■ PROBLEM
Could you write out all of the data again, word for word?

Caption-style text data
>>
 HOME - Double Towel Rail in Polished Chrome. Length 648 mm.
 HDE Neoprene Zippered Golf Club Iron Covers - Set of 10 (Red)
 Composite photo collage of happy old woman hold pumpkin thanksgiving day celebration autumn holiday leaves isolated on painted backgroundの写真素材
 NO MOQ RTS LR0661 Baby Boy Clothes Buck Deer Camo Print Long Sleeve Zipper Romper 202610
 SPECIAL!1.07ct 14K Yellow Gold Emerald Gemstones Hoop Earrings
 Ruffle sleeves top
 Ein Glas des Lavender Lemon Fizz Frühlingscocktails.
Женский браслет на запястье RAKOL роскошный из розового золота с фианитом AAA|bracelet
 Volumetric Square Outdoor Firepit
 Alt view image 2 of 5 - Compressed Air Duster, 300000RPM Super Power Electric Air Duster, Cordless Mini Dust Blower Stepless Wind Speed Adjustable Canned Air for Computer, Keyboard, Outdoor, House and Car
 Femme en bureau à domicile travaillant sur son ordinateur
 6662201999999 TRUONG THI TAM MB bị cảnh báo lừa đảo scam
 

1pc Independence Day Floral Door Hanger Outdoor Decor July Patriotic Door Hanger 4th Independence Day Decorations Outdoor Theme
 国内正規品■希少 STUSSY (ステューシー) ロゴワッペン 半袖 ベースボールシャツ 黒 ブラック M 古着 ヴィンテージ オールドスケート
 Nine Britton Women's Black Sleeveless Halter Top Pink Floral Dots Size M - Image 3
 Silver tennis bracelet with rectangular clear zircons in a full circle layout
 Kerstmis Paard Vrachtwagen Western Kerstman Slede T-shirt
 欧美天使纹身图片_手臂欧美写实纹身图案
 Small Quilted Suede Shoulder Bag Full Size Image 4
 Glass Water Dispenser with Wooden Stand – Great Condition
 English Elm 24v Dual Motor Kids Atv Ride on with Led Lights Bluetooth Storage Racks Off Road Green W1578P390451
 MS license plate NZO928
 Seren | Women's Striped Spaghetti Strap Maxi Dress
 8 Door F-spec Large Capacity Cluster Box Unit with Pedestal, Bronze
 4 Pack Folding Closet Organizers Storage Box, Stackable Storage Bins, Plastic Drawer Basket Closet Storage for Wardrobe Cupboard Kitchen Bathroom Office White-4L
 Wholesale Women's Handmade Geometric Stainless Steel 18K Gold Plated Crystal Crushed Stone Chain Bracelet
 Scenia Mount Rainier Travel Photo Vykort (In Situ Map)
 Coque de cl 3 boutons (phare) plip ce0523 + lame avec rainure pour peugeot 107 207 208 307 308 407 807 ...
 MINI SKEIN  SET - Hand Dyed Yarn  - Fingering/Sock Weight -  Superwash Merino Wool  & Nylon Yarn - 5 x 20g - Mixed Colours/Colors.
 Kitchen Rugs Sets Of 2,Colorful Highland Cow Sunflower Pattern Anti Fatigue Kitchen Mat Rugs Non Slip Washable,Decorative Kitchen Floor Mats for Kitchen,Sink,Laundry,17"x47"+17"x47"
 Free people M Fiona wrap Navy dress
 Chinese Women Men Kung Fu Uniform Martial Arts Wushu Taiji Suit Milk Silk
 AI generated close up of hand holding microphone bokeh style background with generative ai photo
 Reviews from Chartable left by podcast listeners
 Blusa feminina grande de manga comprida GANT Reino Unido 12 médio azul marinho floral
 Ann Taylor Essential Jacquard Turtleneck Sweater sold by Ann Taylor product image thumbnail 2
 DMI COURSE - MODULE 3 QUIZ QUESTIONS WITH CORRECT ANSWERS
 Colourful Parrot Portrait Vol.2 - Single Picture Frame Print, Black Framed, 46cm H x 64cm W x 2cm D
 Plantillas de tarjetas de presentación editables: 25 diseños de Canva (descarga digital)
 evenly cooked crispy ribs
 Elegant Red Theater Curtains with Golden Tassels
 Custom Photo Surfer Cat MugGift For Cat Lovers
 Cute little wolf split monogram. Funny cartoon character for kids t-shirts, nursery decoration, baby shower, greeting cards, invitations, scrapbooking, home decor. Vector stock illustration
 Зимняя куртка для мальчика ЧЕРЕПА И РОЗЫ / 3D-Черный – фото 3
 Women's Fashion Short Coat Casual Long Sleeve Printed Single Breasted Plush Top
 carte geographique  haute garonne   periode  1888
<<
■ SOLUTION
 HOME - Double Towel Rail in Polished Chrome. Length 648 mm.
 HDE Neoprene Zippered Golf Club Iron Covers - Set of 10 (Red)
 Composite photo collage of happy old woman hold pumpkin thanksgiving day celebration autumn holiday leaves isolated on painted backgroundの写真素材
 NO MOQ RTS LR0661 Baby Boy Clothes Buck Deer Camo Print Long Sleeve Zipper Romper 202610
 SPECIAL!1.07ct 14K Yellow Gold Emerald Gemstones Hoop Earrings
 Ruffle sleeves top
 Ein Glas des Lavender Lemon Fizz Frühlingscocktails.
Женский браслет на запястье RAKOL роскошный из розового золота с фианитом AAA|bracelet
 Volumetric Square Outdoor Firepit
 Alt view image 2 of 5 - Compressed Air Duster, 300000RPM Super Power Electric Air Duster, Cordless Mini Dust Blower Stepless Wind Speed Adjustable Canned Air for Computer, Keyboard, Outdoor, House and Car
 Femme en bureau à domicile travaillant sur son ordinateur
 6662201999999 TRUONG THI TAM MB bị cảnh báo lừa đảo scam
 

1pc Independence Day Floral Door Hanger Outdoor Decor July Patriotic Door Hanger 4th Independence Day Decorations Outdoor Theme
 国内正規品■希少 STUSSY (ステューシー) ロゴワッペン 半袖 ベースボールシャツ 黒 ブラック M 古着 ヴィンテージ オールドスケート
 Nine Britton Women's Black Sleeveless Halter Top Pink Floral Dots Size M - Image 3
 Silver tennis bracelet with rectangular clear zircons in a full circle layout
 Kerstmis Paard Vrachtwagen Western Kerstman Slede T-shirt
 欧美天使纹身图片_手臂欧美写实纹身图案
 Small Quilted Suede Shoulder Bag Full Size Image 4
 Glass Water Dispenser with Wooden Stand – Great Condition
 English Elm 24v Dual Motor Kids Atv Ride on with Led Lights Bluetooth Storage Racks Off Road Green W1578P390451
 MS license plate NZO928
 Seren | Women's Striped Spaghetti Strap Maxi Dress
 8 Door F-spec Large Capacity Cluster Box Unit with Pedestal, Bronze
 4 Pack Folding Closet Organizers Storage Box, Stackable Storage Bins, Plastic Drawer Basket Closet Storage for Wardrobe Cupboard Kitchen Bathroom Office White-4L
 Wholesale Women's Handmade Geometric Stainless Steel 18K Gold Plated Crystal Crushed Stone Chain Bracelet
 Scenia Mount Rainier Travel Photo Vykort (In Situ Map)
 Coque de cl 3 boutons (phare) plip ce0523 + lame avec rainure pour peugeot 107 207 208 307 308 407 807 ...
 MINI SKEIN  SET - Hand Dyed Yarn  - Fingering/Sock Weight -  Superwash Merino Wool  & Nylon Yarn - 5 x 20g - Mixed Colours/Colors.
 Kitchen Rugs Sets Of 2,Colorful Highland Cow Sunflower Pattern Anti Fatigue Kitchen Mat Rugs Non Slip Washable,Decorative Kitchen Floor Mats for Kitchen,Sink,Laundry,17"x47"+17"x47"
 Free people M Fiona wrap Navy dress
 Chinese Women Men Kung Fu Uniform Martial Arts Wushu Taiji Suit Milk Silk
 AI generated close up of hand holding microphone bokeh style background with generative ai photo
 Reviews from Chartable left by podcast listeners
 Blusa feminina grande de manga comprida GANT Reino Unido 12 médio azul marinho floral
 Ann Taylor Essential Jacquard Turtleneck Sweater sold by Ann Taylor product image thumbnail 2
 DMI COURSE - MODULE 3 QUIZ QUESTIONS WITH CORRECT ANSWERS
 Colourful Parrot Portrait Vol.2 - Single Picture Frame Print, Black Framed, 46cm H x 64cm W x 2cm D
 Plantillas de tarjetas de presentación editables: 25 diseños de Canva (descarga digital)
 evenly cooked crispy ribs
 Elegant Red Theater Curtains with Golden Tassels
 Custom Photo Surfer Cat MugGift For Cat Lovers
 Cute little wolf split monogram. Funny cartoon character for kids t-shirts, nursery decoration, baby shower, greeting cards, invitations, scrapbooking, home decor. Vector stock illustration
 Зимняя куртка для мальчика ЧЕРЕПА И РОЗЫ / 3D-Черный – фото 3
 Women's Fashion Short Coat Casual Long Sleeve Printed Single Breasted Plush Top
 carte geographique  haute garonne   periode  1888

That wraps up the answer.